The likelihood of that type of black swan event happening again in the future is not something you should make investment decisions around.

The question now is: Are these headlines going to get worse before they get better?

After all, that's what will help dictate where the market goes next. 

And that's where having a systematic process comes into place. Instead of panicking about those headlines, you can react to the full picture.

On inflation, we talked just last week about why many datapoints say inflation may already have peaked. The headlines here are likely to be more positive on the margin going forward, not more negative. 

As President of the Minneapolis Fed Neel Kashkari noted recently in an interview, the Fed has already moved mortgage rates by 225 basis points since the cycle started tightening, effectively removing accommodation in the housing market faster than it eased it in 2020. 

Similarly, with the 10-year Treasury yields already having risen from around 1.4% in December to almost 3.1% today – and from levels as low as 1.13% last July – the market has already priced in 200 basis points of the Fed's rate hikes. 

On the margin, interest rates will likely rise slower going forward, not faster, limiting incremental punishment for new potential borrowers.

And with the 10-year Treasury having risen so far so fast, banks are in a prime position to make money, as we discussed previously. Banks are making a massive spread between what they're lending out in either mortgages or corporate borrowing relative to how much it costs them to finance their balance sheets in the short-term market. 

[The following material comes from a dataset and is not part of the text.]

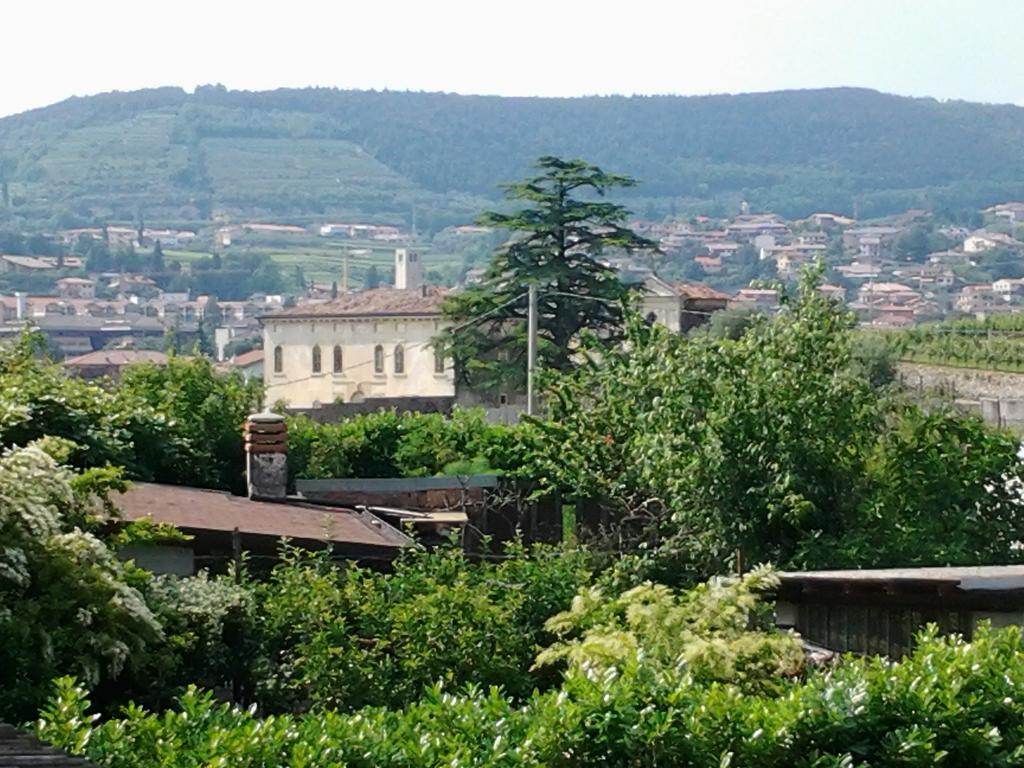 Agriturismo Corte Galvani Negrar Dış mekan fotoğraf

That means banks are likely to continue to make credit easily available for borrowers who want it at these rates. Datapoints like the Senior Loan Officer Survey also highlight how banks are very happy to make credit available right now.

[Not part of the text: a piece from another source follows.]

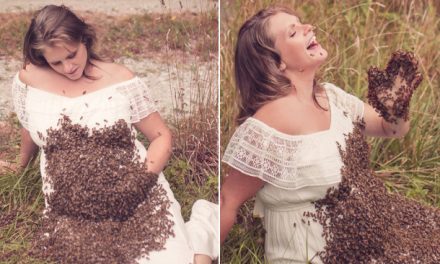 Woman who took pregnancy photo with 20K bees shares heartbreaking news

And while the market cost to borrow for corporations for new borrowings or refinancings has rocketed higher in the past few months with the rise in the risk-free rate, it remains in line with levels for much of the last bull market. Cost to borrow isn't high.

And importantly, as this chart we've shown many times before highlights, most corporations don't have big debt maturity headwalls to refinance until 2024 or 2025 at the earliest. As massive defaults are the consistent catalyst for a recession, the market still stands on a strong bedrock.

And lastly, PMI statistics are notoriously volatile in the short term. The bigger picture datapoints we look at on investment actually have us more bullish, not less.

As we discussed yesterday, old assets on U.S. corporate balance sheets have helped create the current supply chain issues... and that's pushing U.S. corporates to finally reinvest.

And, if we look at one of the most trusty indicators of investment – commercial & industrial (C&I) loan growth – we're actually seeing signs that investment is accelerating, not decelerating. 

We're also seeing that confirmed by management teams, who are showing significant confidence in earnings calls about their willingness to invest, based on our Earnings Call Forensics analyses.

It's always darkest before the dawn...

And now feels like one of those times. Investors have been beaten up by challenging headlines. Those in some of the most popular stocks in the market have been even more punished due to valuations deflating.

When a move like this happens, human nature is to worry that the worst is yet to come, to cut tail, and run. 

When you feel that way, often the best course of action is to do quite the opposite. Pause, collect all the data, and look forward. 

It doesn't quite paint the visual of Baron Nathan Rothschild's alleged quote, "Buy when there's blood in the streets," but the meaning is much the same.

Because when headlines and stocks are all red, but data on the margin looks like it's improving, smart investors stay the course and take advantage to buy the dip.